By 1877, there were 30 "cottages" and a train station in the community, named for Beecher's popular 1868 novel Norwood, or Village Life in New England, of which Cochran apparently was fond.

According to www.ridleytownshiphistory.com, a cottage could be yours then for about $3,800.

Today, the average price of a house in Norwood is $130,000, says Gina Toldero, an agent with Weichert Realtors who lives there.

She's lived there twice, in fact, this time for nine years. Toldero originally moved to Norwood at 14.

"I had no choice the first time," she says, laughing. "I find it comfortable, homey, with the neighbors friendly but not always on your back."

Norwood is another of those older communities that people rarely leave, with several generations of the same family living on the same street or within blocks of one another.

"It's a community of neighborhoods," Toldero says, and of people who like to get together, whether at block parties or Community Day festivities, in its seventh year.

Yet first-time buyers from out of town find their way to Norwood, attracted by the affordable prices, she says.

There are 32 active listings, ranging from $75,000 to $165,000, Trend Multiple Listing Service data show. Toldero put the average asking price at $141,000.

Anne D. Hanson of Coldwell Banker Preferred in Media says that of the 15 houses sold in the last three months, prices ranged from $45,000 to $259,000.

Seven that sold for less than $123,000 were bank-owned foreclosures, Hanson says, and "were likely sold to investors who will renovate and resell." Of the remainder, $150,000 to $180,000 is the most popular price point, she says.

"I think the average sale price would be closer to $159,000 or $165,000 if there weren't still some bank-owned houses in the mix," Toldero says.

The real estate downturn produced "quite a few" distressed houses in Norwood, "where prices took a big hit" when the market caught up with people who had bought at the peak in 2005, Toldero says.

New construction, which is rare there and limited to infill sites, tends to bring the highest price, about $270,000, she says.

Hanson says sellers are a mix of families moving to larger homes or new areas and retirees selling family homes and downsizing.

"My buyers for Norwood have typically been first-time buyers who have been renting," she says. "They like the neighborhood, [and] school district and saw Norwood as a nice place to raise a family."

Covering less than a square mile, the borough is divided by Chester Pike, Toldero says. Larger and older homes generally are in Upper Norwood, twins and bungalows typically in Lower Norwood.

Age and size are relative terms in older communities. In Lower Norwood, along Love, Martin, and Circle Lanes, stand what she calls "the Love Houses," bungalows built 75 to 80 years ago by a man named Love. Sprinkled among them are larger and relatively newer ranchers.

Norwood's taxes are high, as is the case generally in Delaware County. A new townhouse for sale for $135,000 has an annual tax bill exceeding $4,000. A $90,000, 720-square-foot two-bedroom house built in 1942 has a $3,568 annual property tax.
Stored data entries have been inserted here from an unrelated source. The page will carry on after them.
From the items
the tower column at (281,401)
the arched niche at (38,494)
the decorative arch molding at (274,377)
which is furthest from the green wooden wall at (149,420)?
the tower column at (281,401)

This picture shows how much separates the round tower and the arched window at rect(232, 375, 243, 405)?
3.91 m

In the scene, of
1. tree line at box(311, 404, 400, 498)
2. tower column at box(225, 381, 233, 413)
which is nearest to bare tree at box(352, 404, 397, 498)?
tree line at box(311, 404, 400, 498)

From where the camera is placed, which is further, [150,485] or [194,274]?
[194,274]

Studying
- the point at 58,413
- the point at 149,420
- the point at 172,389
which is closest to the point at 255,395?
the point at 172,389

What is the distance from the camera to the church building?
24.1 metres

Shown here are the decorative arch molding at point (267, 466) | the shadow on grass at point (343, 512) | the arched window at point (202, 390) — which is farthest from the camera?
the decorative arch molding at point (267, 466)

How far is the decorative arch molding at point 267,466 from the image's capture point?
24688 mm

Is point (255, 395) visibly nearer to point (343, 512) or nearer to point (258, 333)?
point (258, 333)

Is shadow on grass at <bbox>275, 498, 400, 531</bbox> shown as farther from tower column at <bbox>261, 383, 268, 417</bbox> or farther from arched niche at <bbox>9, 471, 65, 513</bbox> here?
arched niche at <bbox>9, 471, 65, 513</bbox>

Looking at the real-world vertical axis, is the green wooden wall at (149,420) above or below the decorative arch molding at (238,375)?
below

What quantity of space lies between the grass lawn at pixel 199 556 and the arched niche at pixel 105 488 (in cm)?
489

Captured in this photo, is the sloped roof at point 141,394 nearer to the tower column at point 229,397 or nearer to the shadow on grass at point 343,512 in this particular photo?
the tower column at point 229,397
Many older and smaller houses have just two bedrooms and are proving a difficult sell these days, Toldero says, "not just in Norwood but in Ridley."

Most buyers want at least three bedrooms, area agents say.
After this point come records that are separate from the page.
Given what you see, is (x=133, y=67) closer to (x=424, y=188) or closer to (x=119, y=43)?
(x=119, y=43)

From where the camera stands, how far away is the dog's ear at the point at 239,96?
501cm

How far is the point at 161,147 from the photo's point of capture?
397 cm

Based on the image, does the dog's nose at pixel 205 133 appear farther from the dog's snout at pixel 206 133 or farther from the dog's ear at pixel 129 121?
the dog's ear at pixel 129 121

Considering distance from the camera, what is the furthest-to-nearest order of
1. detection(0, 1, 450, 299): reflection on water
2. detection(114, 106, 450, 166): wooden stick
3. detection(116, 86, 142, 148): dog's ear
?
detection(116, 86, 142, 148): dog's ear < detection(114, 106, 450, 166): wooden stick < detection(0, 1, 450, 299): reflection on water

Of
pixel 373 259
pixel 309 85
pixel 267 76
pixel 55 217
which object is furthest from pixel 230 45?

"Even though a couple or person does not necessarily need three bedrooms, they all like the extra room for guests, or an office or den," says John Duffy of Duffy Real Estate on the Main Line. "And the difference in price is usually not that great."

Yet Chris Somers of Re/Max Access in Northern Liberties says he believes smaller homes on smaller lots "are a national trend that will continue to pick up steam."

In his city markets, "two-bedroom houses are not a tough sell but provide a buyer another option, typically a more affordable one than paying for a larger three-bedroom property," Somers says, noting that they're more suitable for a first home for a single or a couple looking for something to trade up from quickly.

First-time suburban buyers might be looking for more, but as Martin Millner of Coldwell Banker Hearthside in Yardley recently observed about his market, "they seem to be staying away from 5,000 square feet in favor of 2,500 or 3,000."

Norwood is well-located, Hanson says, convenient to Philadelphia International Airport and Center City by train.

"There are lots of parks, local athletic leagues for kids, and some local shopping within walking distance," she says. "It has a small-town feel and is affordable."